Darüber freute sich besonders der Behindertenbeauftragte des Marktes Pressig, Ratsmitglied Michael Pütterich (SPD). Ein Aufzug stand für ihn schon immer als die beste Lösung fest, zumal Kämmerer Heinrich Grebner in seiner Begründung dies festigte. Er sprach von immerhin 250 bis 300 Nutzern jährlich, die den Aufzug benutzen würden.
Schließlich befänden sich im ersten Obergeschoss des Rathauses wichtige Anlaufstellen wie der Bürgermeister, das Trauungs- und Sitzungszimmer, das Bauamt, Standesamt, Leitung der Verwaltung, die Sprechzimmer Notar und die Rentenberatung. Außerdem wäre ein Lift (man hätte übrigens zwei Lifte gebraucht) auch mit Nachteilen für die übrigen Rathausbesucher behaftet - wegen der Enge des Rathausaufgangs. Pütterich sprach im Namen aller Bürger mit Handycap großen Dank "für diesen bedeutenden Schritt als Entgegenkommen für Menschen mit Behinderung" aus. Schließlich stimmte das Gremium bei einer Gegenstimme von Berthold Nickol (CSU) der Errichtung eines Aufzugs am Rathaus zu.
Eine weitere wichtige Entscheidung wurde einstimmig getroffen. Das Gremium stimmte zu, an die Katholische Kirchenverwaltung Rothenkirchen einen Antrag auf Erweiterung um eine Gruppe des Kindergartens St. Franziskus zu stellen. Bereits im Finanzplan wurde eine größere Summe, Kämmerer Heinrich Grebner spricht von vier bis fünf Millionen Euro, für den Neubau oder Sanierung der Grundschule Rothenkirchen vorgesehen. Um den Weg dafür frei zu machen, stimmte der Gemeinderat der einvernehmlichen Beendigung der Aufwandsträgerschaft mit dem Schulverband Pressig für die Grundschule zum 31. Dezember 2017 zu.


Ärger um Bauvorhaben

In Welitsch gibt es erneut Ärger um ein Bauvorhaben.
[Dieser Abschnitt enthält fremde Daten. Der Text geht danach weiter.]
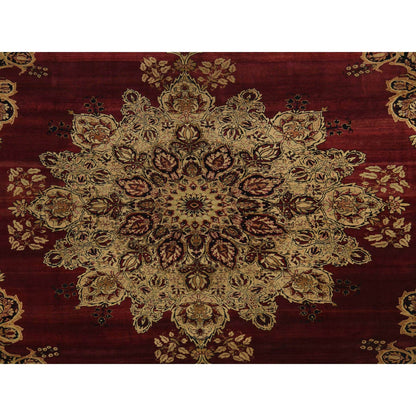 Antique Wool Hand Knotted Rug Red 10.10x15.3 -O078350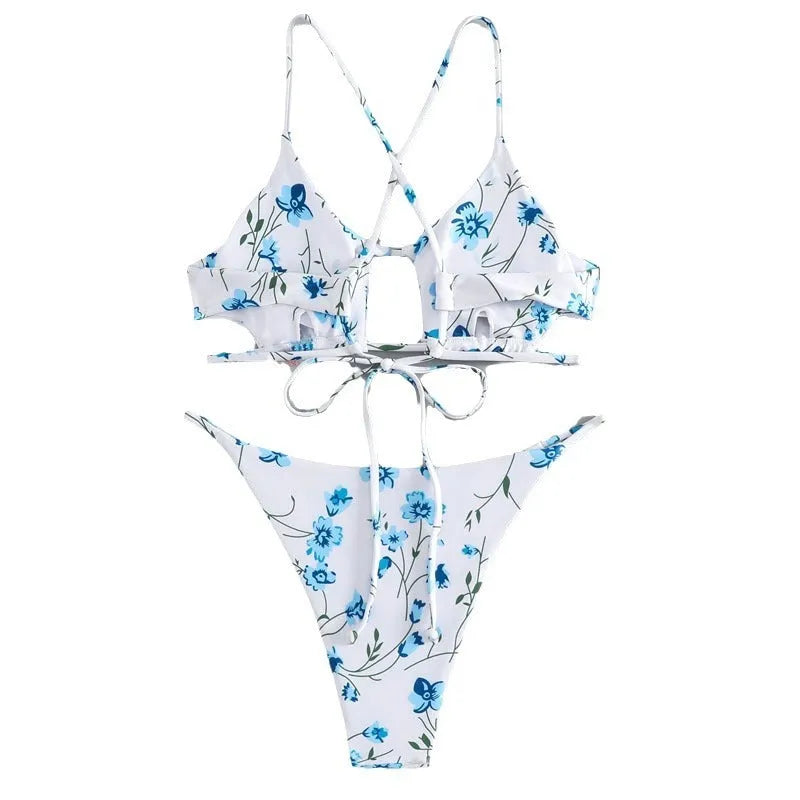 Women's floral tie-neck triangle swimsuit set with polyester lining and matching shorts in multiple colours sizes XS to XL.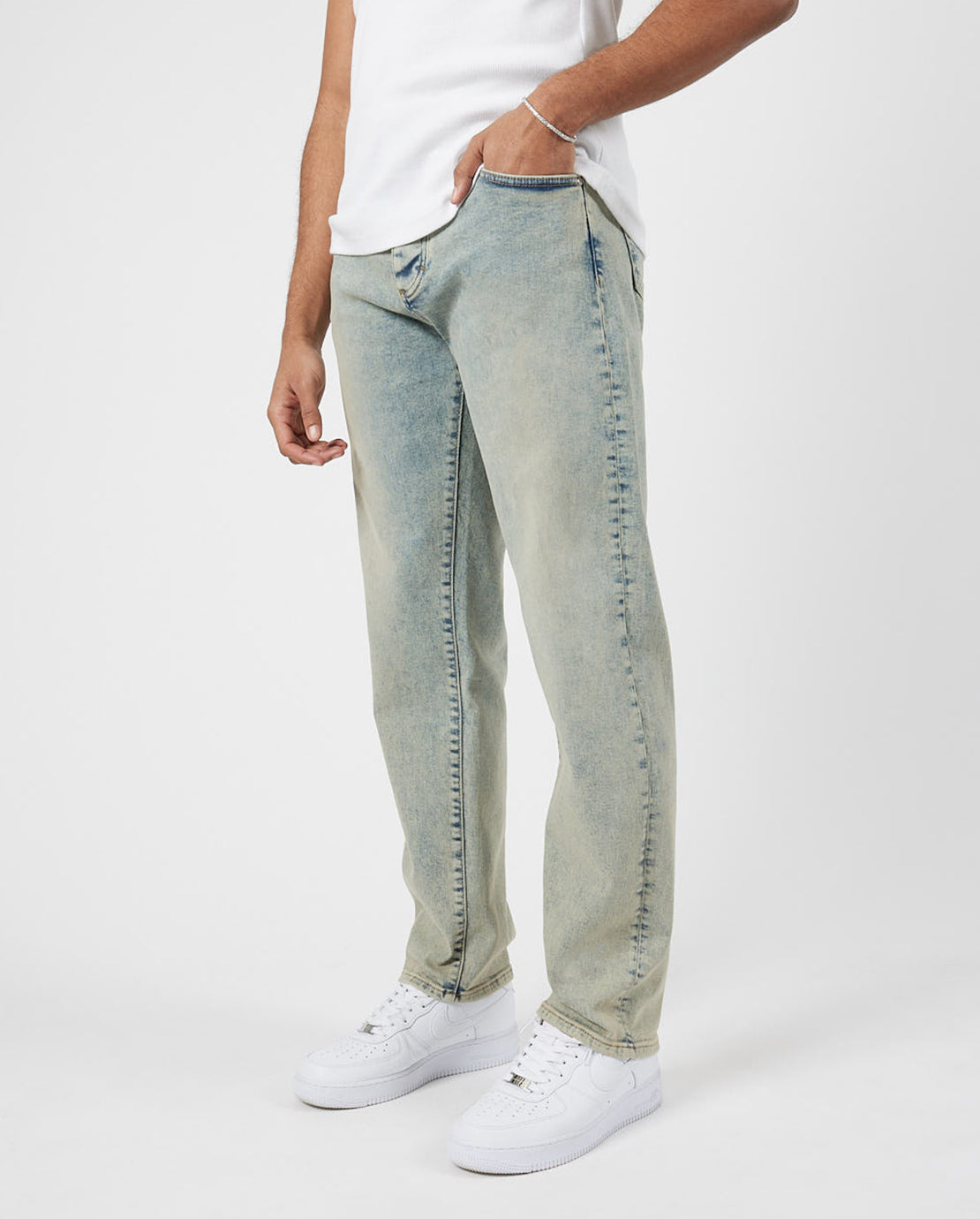 Straight Leg Jeans - Vintage Blau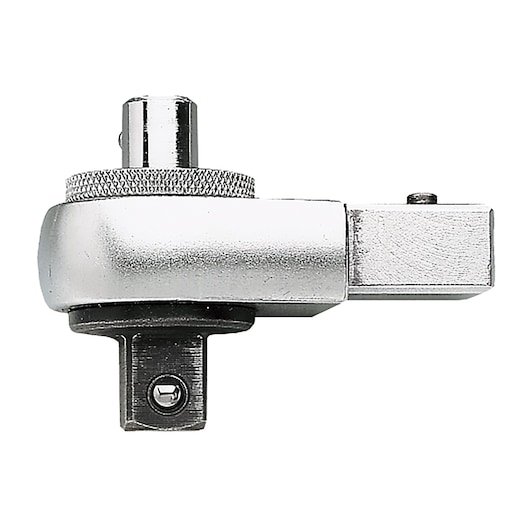 Facom S_382 chrome-plated right-angle socket adapter, side view on white background.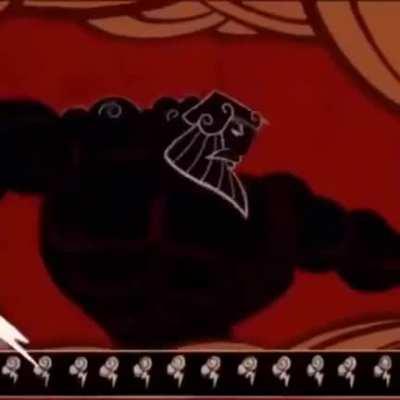 Zeus hurls his thunderbolt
Mit 9:6 Stimmen beschloss das Gremium die Änderung des Flächennutzungsplanes und den Erlass einer Einbeziehungssatzung für das Gebiet "in Richtung Heinersdorf". Bürgermeister Pietz bat um Zustimmung, um es zwei jungen Familien zu ermöglichen, sich auf Dauer in Welitsch - durch den Bau zweier Wohnhäuser - niederzulassen. Dabei wies er ausdrücklich darauf hin, dass mit diesem Aufstellungsbeschluss noch kein Ja zum Bauen gegeben wird, sondern lediglich der Wille bekundet, eine Baulanderweiterung angehen und die Möglichkeit dafür von Behörden und Trägern öffentlicher Belange prüfen zu lassen. Nachbar Florian Bischoff sieht sich indes durch diese Maßnahme mit seinem landwirtschaftlichen Betrieb in den Erweiterungsmöglichkeiten eingeschränkt, wendete er ein.


Haushalt 2017

Investitionen Der Gesamtetat weist ein Volumen von 9 002 900 Euro auf. Der Schuldenstand wird sich zum Ende des Jahres auf 6,865 Millionen Euro belaufen. Wesentliche Investitionsmaßnahmen 2017 sind die Erneuerung des Bauhofes Bauabschnitt 1 (circa 300 000 Euro), die Erneuerung der Wasserversorgung in Marienroth mit teilweise Straßenerneuerung (circa 310 000 Euro) und der Ausbau des Kabelnetzes im Gemeindebereich (rund 708 000 Euro).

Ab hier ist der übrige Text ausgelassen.